Rating: R (brief drug use, sexual content, and language)
Length: 96 minutes
Release Date: December 14, 2012
Directed by: Michael Mohan
Genre: Comedy/Romance

"Save the Date" is a film that wants to be more than a typical romantic comedy, but writer and director Michael Mohan doesn't seem to know what type of story he wants to tell. Bolstered by good performances from Lizzy Caplan and Alison Brie, the film overcomes this flaw with some worthwhile and relatable moments that will delight twenty-something fans of indie dramas.

Lizzy Caplan plays Sarah, an aspiring graphic artist who helps manage a Los Angeles bookstore. She drifts into a live-in relationship with a promising indie musician, but she promptly leaves him once he publicly proposes to her after his band's concert. She then enters into a rebound relationship with a man who has frequented her bookstore and has a crush on her. Sarah's own romantic upheaval is contrasted with her sister's more stable relationship. Beth is engaged and appears to be happy, but she's also oblivious to the worries of her fiancé as the wedding date draws near.

Caplan played a similar character in 2012's "Bachelorette," and she has a proficiency for this type of role. Unfortunately, "Save the Date" is the type of film in which all of the characters tell the audience why Sarah is loved rather than focusing on her actions, which doesn't give Caplan many opportunities to showcase her talent. Caplan and costar Alison Brie, who plays Caplan's sister Beth, have an easy chemistry that shines onscreen. The audience can easily believe that these two are sisters.

While the film focuses on the two women, the three main male characters each play pivotal roles in the plot.

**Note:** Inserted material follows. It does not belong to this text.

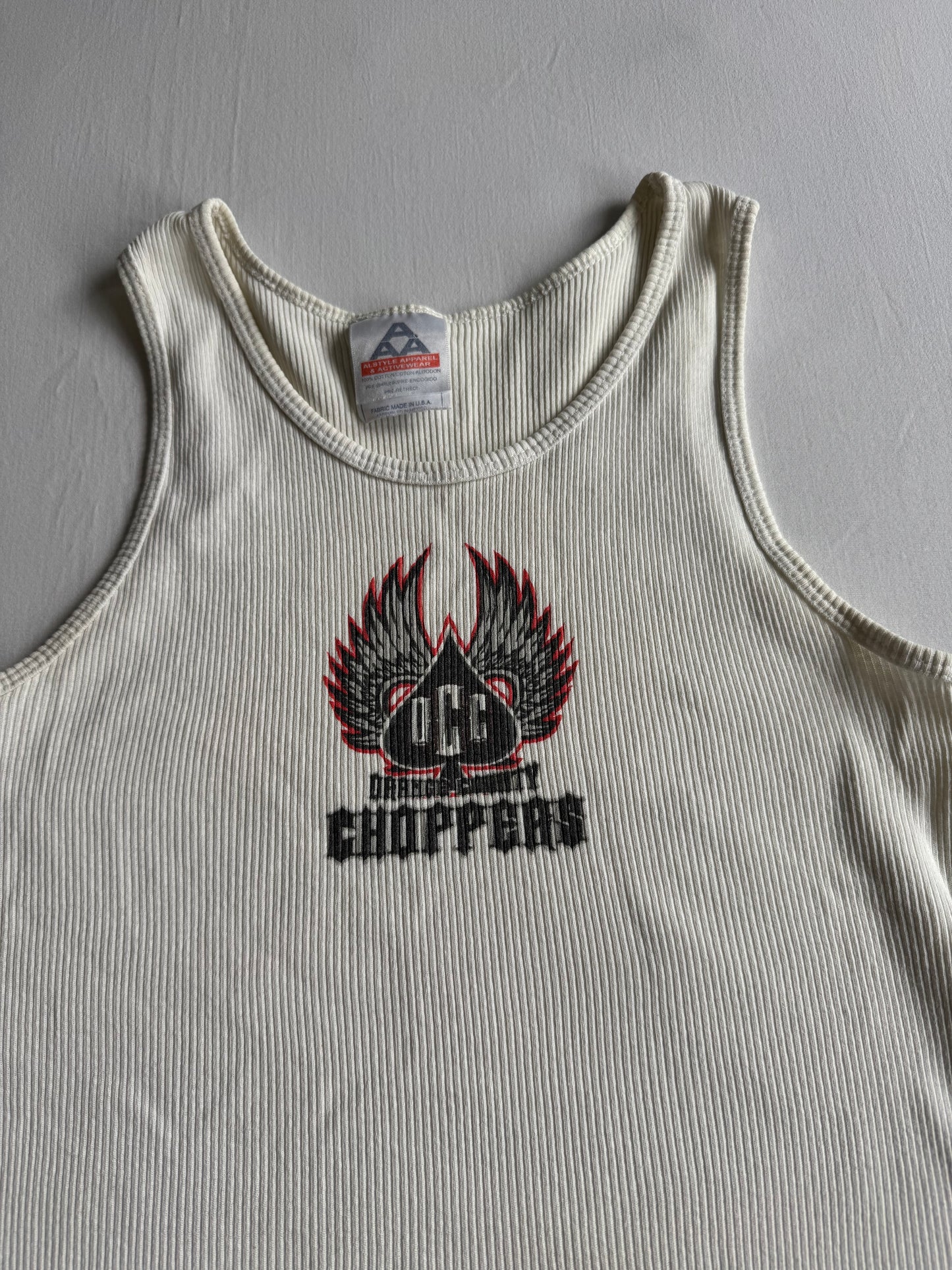 🏍️ Tank Top Y2K Damă Orange County Choppers Alb – aprox. S / M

Sarah's rebuffed suitor Kevin, played by Geoffrey Arend, seems painfully clueless about the girl he wants to marry. However, Arend's facial expressions encourage viewers to feel bad for him, even when they disagree with his actions. Although Sarah's rebound boyfriend, played by Mark Webber, has fewer scenes to establish his character, he appears to be a nice guy. There is a good scene where both men attend Sarah's art opening and see how they are depicted in her cartoons. Beth's fiancé, played by Martin Starr, gives an excellent performance in a scene in which he confronts Beth about her treatment of Sarah.

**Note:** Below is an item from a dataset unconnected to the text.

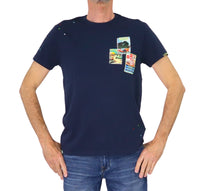 Thumbnail for SHOCKLY t-shirt uomo cotone manica corta TS HAND HOLIDAY 2T6518 NOTTE BLU estate 2025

Michael Mohan teamed with graphic novelist Jeffrey Brown and Egan Reich to write the script for this film. He has a talent for writing compelling vignettes of indie archetypes. In one interesting scene, Sarah reflects that her disliked dead-end job provides her more happiness than the careers of many of her more professionally-inclined contemporaries. Unfortunately, the film backtracks from this point to give Sarah her first solo show as an artist.

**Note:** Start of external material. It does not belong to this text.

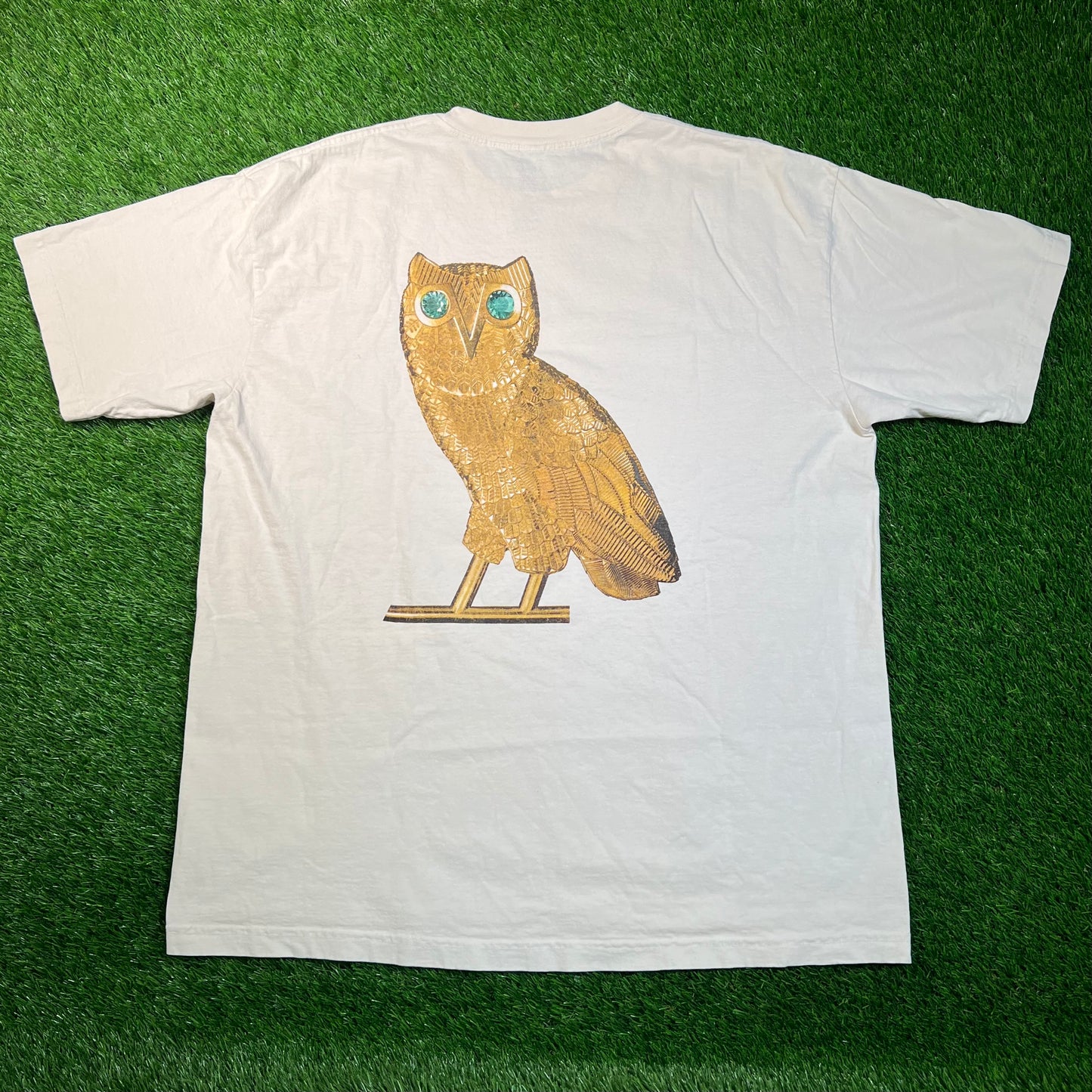 Drake Related Members Only Golden Owel Cream Tee Size XL USED x16795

The best scene in the film occurs when Kevin comes onto Sarah after their breakup. It's clear by this point in the film that Sarah is someone who is hesitant to hurt the feelings of others. However, the young woman realizes she is not willing to sacrifice the mental clarity she's gained since leaving Kevin, so she walks away from him. This scene is one of the best moments of character growth in the film. It also gives the audience a better understanding of Sarah's initial reaction to Kevin's proposal.

Despite some outstanding individual scenes, the overarching plot meanders along until it is resolved with traditional second and third acts. The first act, which truly begins with the stereotypical botched proposal, is familiar to any fan of romantic comedies. However, this initial scene is necessary to establish "Save the Date" as a part of the romantic comedy genre. One of the film's shortcomings is the homogeneity of the characters. They act and talk in similar ways and have the same difficulties with selfishness and a lack of self awareness. While this uniformity is less problematic and even understandable for a group of twentysomethings, it also extends to Sarah and Beth's parents. This is a missed opportunity because Sarah's parents could provide a new perspective on many of the film's events.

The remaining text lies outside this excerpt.